質素堅実を旨とするというよりも、もともと出が庶民なために装飾過多な物は落ち着かないだけなのだ。
それがかえって市民の人気を呼んでいるのだが、どうにも面映ゆい。
ライオネルは今ナシェルたちと城下の宿屋に泊っているはずで、彼の若さゆえの我儘もこれで最後になるだろうという予感があった。
そしてナシェルがハーフ・ビーストであることが良い方へ働けばいいのだけど、と淡い期待を寄せていた。
そうして思いを巡らせるうちに本の内容に没頭していく。
どれくらいの時間が経っただろうか。
ひゅうと一陣の風が舞い込んで蝋燭の火が掻き消えた。
確かに閉めてあったはずの窓に目をやると、バルコニーの扉が開いており、そこに人影があった。
全身を覆う外套で性別すら推し量れない。
「……どちら様でしょうか」
さしも人のいいアロンも本を机に置き、警戒感を全面に押し出して誰何する。
三十の半ばという若さで王の側近を務めることもあってか、何者かの襲撃を受けたことも過去にあった。
だが今回の訪問者はそんな輩とは雰囲気が違う。
目深にかぶったフードの奥から射るような鋭い視線が送られてくる。
ややあってから訪問者は口を開いた。
「こうして見えると、あの頃の面影がよく残っているな」
女の声だった。少し年を経た、意志の強い声音。
相手は自分を知っているようだが、アロンのほうに覚えがなく首をかしげた。
「どこかでお会いしましたか?」
「無理もない。私も初めはわからなかった」
アロンの疑問に女は淡々と答える。
「私もお前も年を取った。早三十年は昔のことだ」
三十年という言葉にアロンははっと息をのんだ。
それは彼の人生を大きく変えることになった出来事があった年。
脳裏によみがえる声。
『人間の子供!? 危険です!人間は敵ですよ!!』
思い起こされたのはアロンを救った獣人の王女を迎えにきた側近の存在。
あの頃彼女は少女の時分で、アロンはまだ五つだった。
「あなたは獣人の……」
名前が思い浮かばずアロンは口ごもった。
女はアロンのそばに立つ衣装掛けに目をやり、政務で着るローブの傍らに護身用の杖が立てかけてあるのを見て取る。

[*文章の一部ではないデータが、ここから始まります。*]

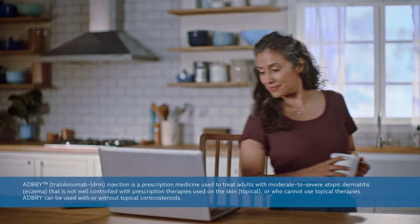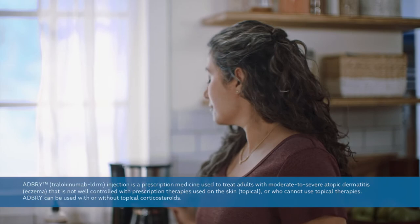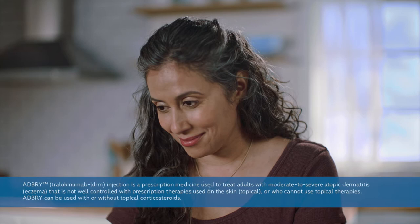Hi there, this is Emma. She's been living with atopic dermatitis, the most common type of eczema. Today, she'll be walking you through how to properly self-inject the two syringes that come in an ADBRI Tralokinumab carton. Even though you may have learned how to self-inject with your healthcare professional and practiced injecting with the training syringe in your welcome pack, your first time injecting at home might seem a little intimidating. Don't worry, Emma is here to help you get familiar and confident with the process.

「武具を取らぬのか。私は貴様に報復するやもしれんぞ」
敵意を隠すことなく凄んで言うと、アロンは静かに女と対峙した。
「あなたがそれを望むのならば……」
相変わらず表情は見えないが、意表を突かれて不審がる素振りが感じられた。
「あの方は子供に罪はないと言ってくれた。
けれど幼い日の軽率な行動は、取り返しのつかない結果を招いてしまいました」
母親のいないアロンには父親が唯一の家族だった。
兵士だった父に頼れる身寄りがなかったためにアロンを教会に預け、そしてそれっきり帰ってこなかった。
寂しさのあまり、おとなしく待っていろという父の言いつけを破って、預けられた教会を抜け出してしまった。

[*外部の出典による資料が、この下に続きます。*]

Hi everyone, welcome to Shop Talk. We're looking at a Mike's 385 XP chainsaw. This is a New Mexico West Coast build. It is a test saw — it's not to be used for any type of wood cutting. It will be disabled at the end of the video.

父が見つかるはずもなく、迷い込んだ森の中で泣いていたところを王女が救ってくれた。
そしてそのために獣人の王女は命を落とすことになってしまった。
あの子供さえいなかったら。
女は王女と別れたあの日から何度もそう思っていた。
認めたくはないが、戦争が起こったのはバルナバら過激派を抑えきれなかった獣人の側にも責がある。

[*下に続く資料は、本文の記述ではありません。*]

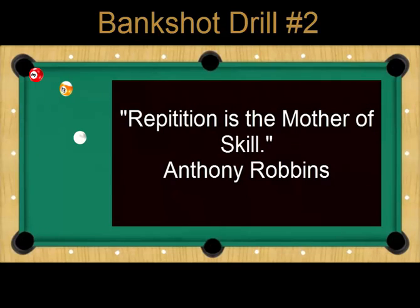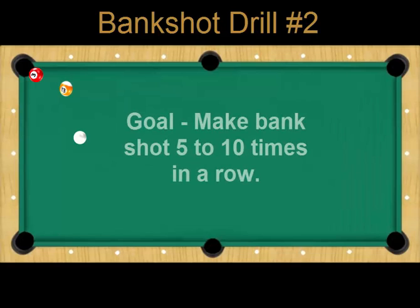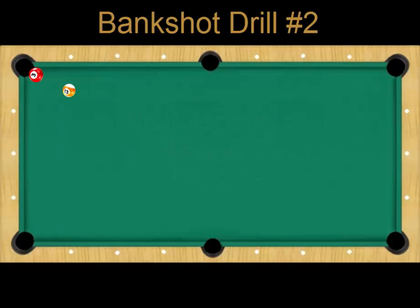For this drill you will have to pocket the ball five to ten times in a row — no misses. And once you master that, you can move the cue ball back another diamond and at a more challenging angle.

だがあの子供さえいなかったら王女は死なずに済んだのだ。
王女さえ生きていれば獣人の再建はもっと容易かったはずだ。
あの時抱いた憎しみは未だに色濃く巣食ったままだった。
――そうだ、あの子供が、人間が……
瞬間、女の脳裏にこの世でただ一人愛した人間の姿が閃光のように閃いて、消えた。
己の夫、ナシェルとビビアンの父親。グレンの姿が。
二人は己の心の底にある黒い澱みの正体に気が付いた。
「人間に対しての恨み……憎しみ……」
女は苦いものを吐き出すようにつぶやいた。
「私が憎んでいる人間は、もうあの時の子供だけなのかもしれないな」
女がアロンに向かって腕を伸ばす。
手のひらに魔力が集中するのを感じ取り、アロンは一瞬だけ泣くような笑うような曖昧な表情を浮かべた。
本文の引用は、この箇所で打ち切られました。